The final exam consists of one of the six questions below. On the day of the final exam I will bring a fair six-sided die and ask a volunteer from the class to roll it to determine which question students will be required to answer.

Students also have the option of taking the final at one of two alternate times: Wednesday, May 9, 6:30PM - 9:15PM, Ballston Room 205, or Thursday, May 10, noon, Ballston Room 204. There is no need to register for one of the alternate times in advance. However, students who begin the exam at any of the times (the scheduled time or one of the alternates) must finish the exam at that sitting (that is, you can’t show up, see which number gets rolled, and then decide you want to take it at a different time).

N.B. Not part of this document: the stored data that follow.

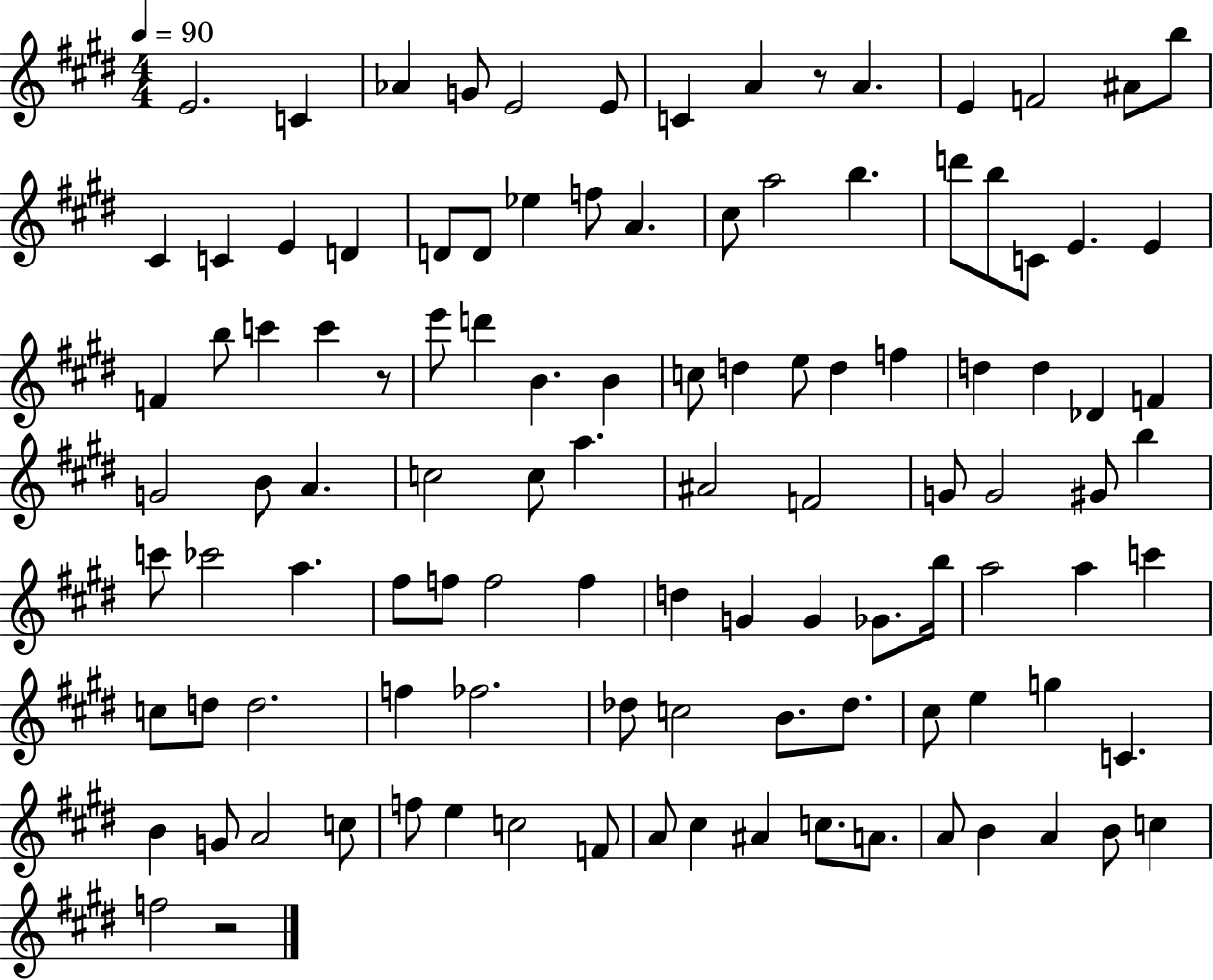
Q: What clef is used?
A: treble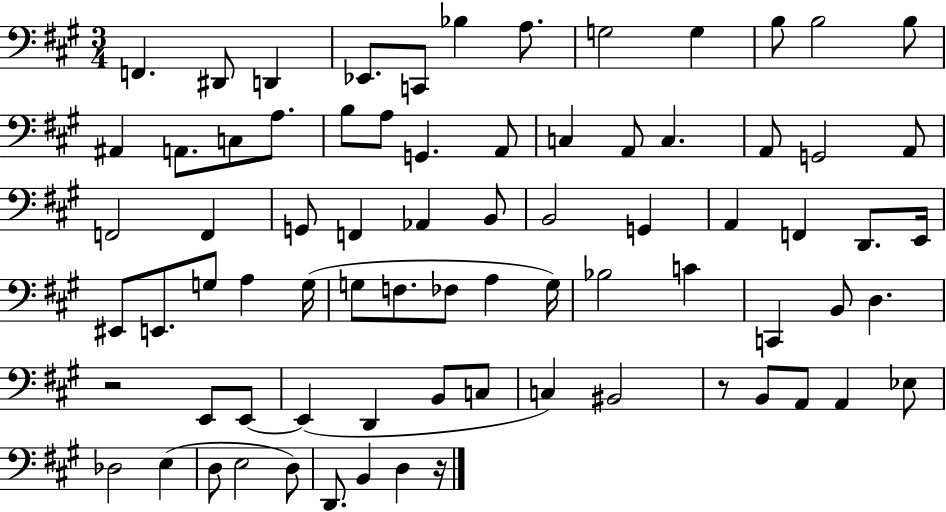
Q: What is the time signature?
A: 3/4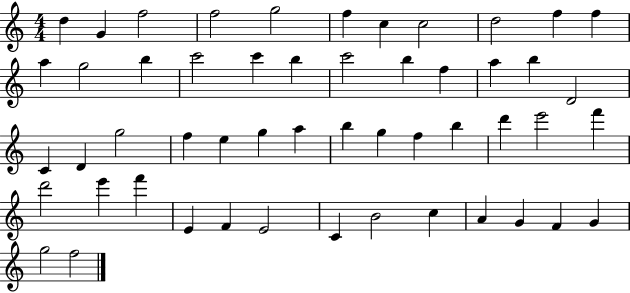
X:1
T:Untitled
M:4/4
L:1/4
K:C
d G f2 f2 g2 f c c2 d2 f f a g2 b c'2 c' b c'2 b f a b D2 C D g2 f e g a b g f b d' e'2 f' d'2 e' f' E F E2 C B2 c A G F G g2 f2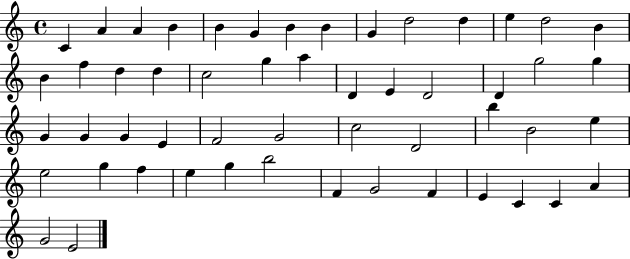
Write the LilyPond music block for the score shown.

{
  \clef treble
  \time 4/4
  \defaultTimeSignature
  \key c \major
  c'4 a'4 a'4 b'4 | b'4 g'4 b'4 b'4 | g'4 d''2 d''4 | e''4 d''2 b'4 | \break b'4 f''4 d''4 d''4 | c''2 g''4 a''4 | d'4 e'4 d'2 | d'4 g''2 g''4 | \break g'4 g'4 g'4 e'4 | f'2 g'2 | c''2 d'2 | b''4 b'2 e''4 | \break e''2 g''4 f''4 | e''4 g''4 b''2 | f'4 g'2 f'4 | e'4 c'4 c'4 a'4 | \break g'2 e'2 | \bar "|."
}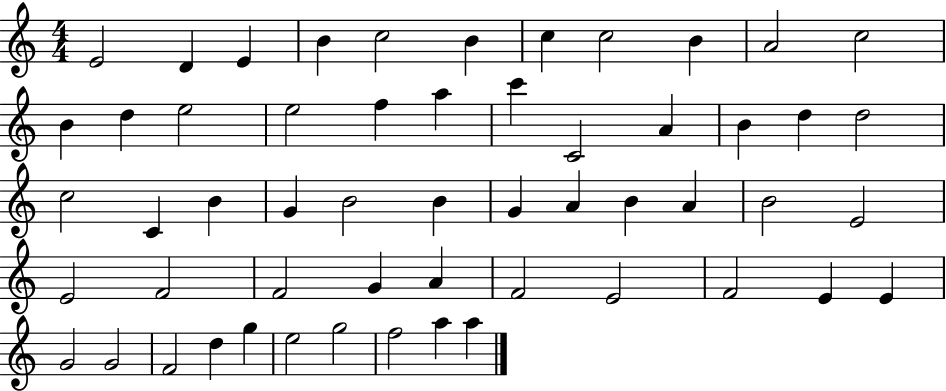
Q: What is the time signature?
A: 4/4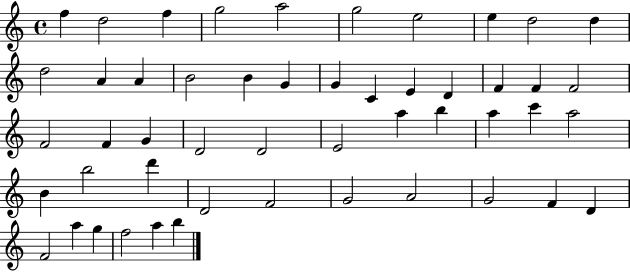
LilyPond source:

{
  \clef treble
  \time 4/4
  \defaultTimeSignature
  \key c \major
  f''4 d''2 f''4 | g''2 a''2 | g''2 e''2 | e''4 d''2 d''4 | \break d''2 a'4 a'4 | b'2 b'4 g'4 | g'4 c'4 e'4 d'4 | f'4 f'4 f'2 | \break f'2 f'4 g'4 | d'2 d'2 | e'2 a''4 b''4 | a''4 c'''4 a''2 | \break b'4 b''2 d'''4 | d'2 f'2 | g'2 a'2 | g'2 f'4 d'4 | \break f'2 a''4 g''4 | f''2 a''4 b''4 | \bar "|."
}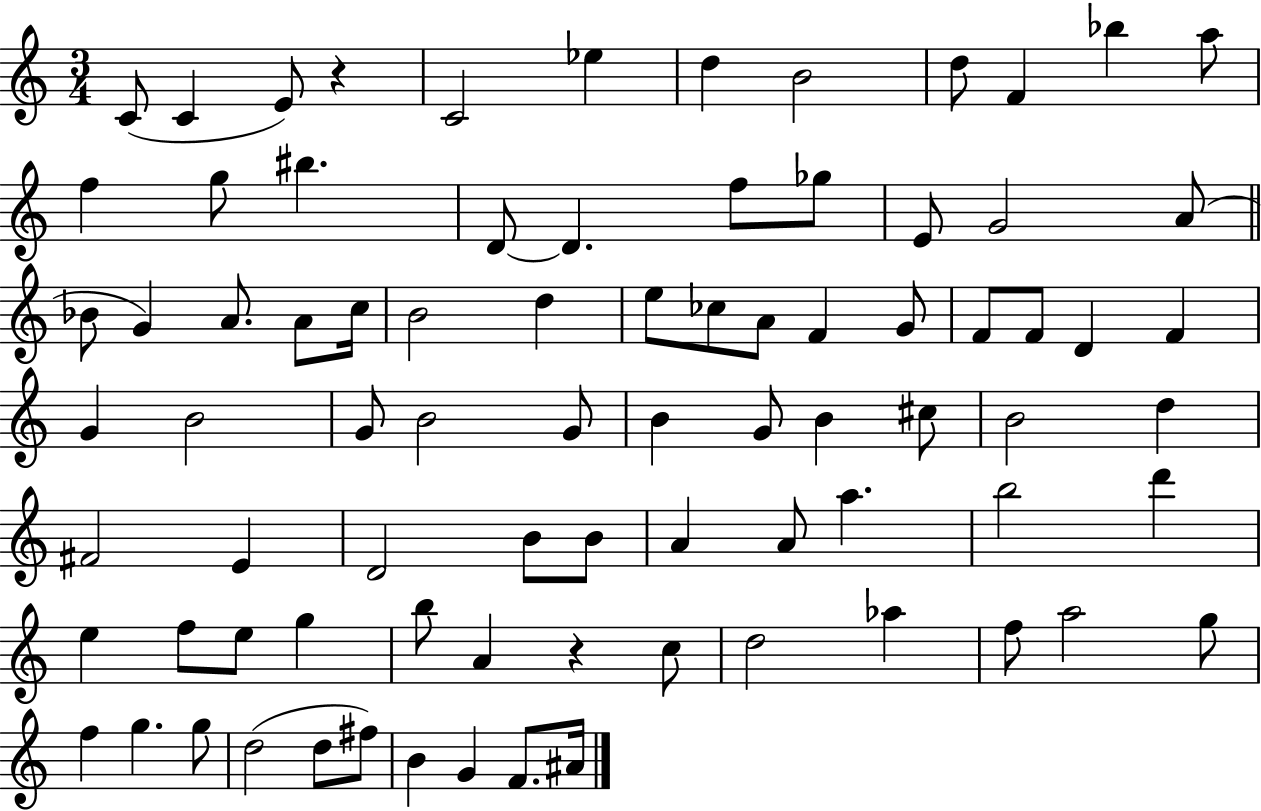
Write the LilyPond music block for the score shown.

{
  \clef treble
  \numericTimeSignature
  \time 3/4
  \key c \major
  \repeat volta 2 { c'8( c'4 e'8) r4 | c'2 ees''4 | d''4 b'2 | d''8 f'4 bes''4 a''8 | \break f''4 g''8 bis''4. | d'8~~ d'4. f''8 ges''8 | e'8 g'2 a'8( | \bar "||" \break \key a \minor bes'8 g'4) a'8. a'8 c''16 | b'2 d''4 | e''8 ces''8 a'8 f'4 g'8 | f'8 f'8 d'4 f'4 | \break g'4 b'2 | g'8 b'2 g'8 | b'4 g'8 b'4 cis''8 | b'2 d''4 | \break fis'2 e'4 | d'2 b'8 b'8 | a'4 a'8 a''4. | b''2 d'''4 | \break e''4 f''8 e''8 g''4 | b''8 a'4 r4 c''8 | d''2 aes''4 | f''8 a''2 g''8 | \break f''4 g''4. g''8 | d''2( d''8 fis''8) | b'4 g'4 f'8. ais'16 | } \bar "|."
}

The final exam will be written in class without books, notes, computers, phones, audio devices, or other aids. Students found violating the Marymount principles of Academic Integrity will fail the course and be formally charged through the University’s Academic Integrity process.

Your answer must be well-organized, with a clearly-specified thesis statement and appropriate logic and evidence, and must refer to course readings where appropriate.

True or false?
  1. The bitter domestic political legacy of the Vietnam War hampered the ability of American leaders to effectively pursue American security interests.
  2. The constraints that democratic checks and balances impose on the President’s ability to conduct foreign policy undermine America’s commitments to protect allies and to deter rivals.
  3. Strategic consensus within the U.S. after World War Two allowed the United States to build effective institutions of global governance, whereas internal disagreements about national goals prevented effective governance after the end of the Cold War.
  4. Since the end of the Cold War, there has been a greater tendency for politics not to “stop at the water’s edge.”
  5. American foreign policy is generally driven by pragmatic calculations of the national interest; idealistic impulses have only rarely played a substantial role in shaping policy.
  6. The United States today is responding to China’s rise very differently than it once did to the Soviet Union’s rise after World War Two.